Does this mean we should start worrying about the onset of dementia? Or is this just part of the normal aging process?

A study that appears in the latest issue of Science sheds some interesting new light on how the brain remembers. Working with monkeys, researchers at the University of New York were able to identify the parts of the brain involved in remembering the sequence of events within an episode.

Two main areas of the medial temporal lobe – the hippocampus and the perirhinal cortex – appear to play the main role in integrating “what” and “when”.
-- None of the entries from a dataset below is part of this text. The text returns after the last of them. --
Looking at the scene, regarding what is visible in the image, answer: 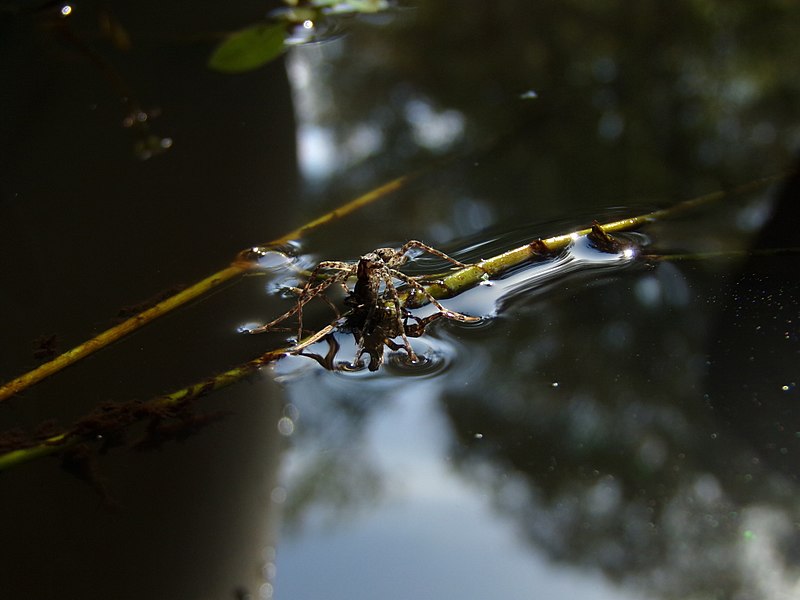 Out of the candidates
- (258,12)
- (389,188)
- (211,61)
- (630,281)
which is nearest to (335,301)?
(389,188)

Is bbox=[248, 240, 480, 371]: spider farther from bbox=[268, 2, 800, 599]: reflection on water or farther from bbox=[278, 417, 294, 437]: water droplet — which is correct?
bbox=[278, 417, 294, 437]: water droplet

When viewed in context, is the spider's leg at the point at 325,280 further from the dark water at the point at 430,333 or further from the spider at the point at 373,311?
the dark water at the point at 430,333

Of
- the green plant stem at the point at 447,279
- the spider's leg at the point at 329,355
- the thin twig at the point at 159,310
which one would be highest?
the thin twig at the point at 159,310

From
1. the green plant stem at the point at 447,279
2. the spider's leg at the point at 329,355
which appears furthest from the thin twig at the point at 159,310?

This study was carried out with monkeys, so its application to the human brain is limited. It adds some insight, however, to the complex mechanics of memory and which parts of the brain might be involved in memory-related disorders such as Alzheimer’s disease.

There are many reasons, of course, why people find it hard to remember things, and dementia isn’t invariably the main culprit. Stress and distraction can cause people to lose their train of thought. Conditions such as hypothyroidism, depression or fibromyalgia have been linked to so-called brain fog, or difficulty with concentration and memory. Ditto for cancer-related cognitive dysfunction, aka chemo brain, which is reported by many people who are undergoing or have completed cancer treatment and can cause problems with word retrieval and mental multi-tasking.

In an article a few years ago, Time magazine went so far as to call forgetting “the new normal.” The main point: Some degree of memory decline happens to everyone as they get older.

The good news, according to the article, is that “science is as interested in what’s going on as you are.”

With better scanning equipment and knowledge of brain structure and chemistry, investigators are steadily improving their understanding of how memory works, what makes it fail, how the problems can be fixed – and when they can’t.

For most people, all this will mean reassurance as worrisome symptoms turn out to be nothing at all. “Normal is the new frontier,” says Mony de Leon, director of the Center for Brain Health at New York University Tisch Hospital. And for those who do drift beyond that frontier, the same research may offer new hope for treatments and even cures.

How can we tell the difference between what’s normal forgetfulness and what isn’t? This online quiz can help distinguish typical memory problems from those that might signal something more serious.

Most people, as they age, will occasionally forget names or appointments only to remember them later, the Alzheimer’s Association says. What’s not normal is to experience memory loss that interferes with daily life, or to forget something and to be unable to recall later that you’ve forgotten.

A helpful rule of thumb from the brain and memory experts: If you’re worried that you’re losing your memory, your awareness of the problem is most likely a sign that your capabilities are still normal.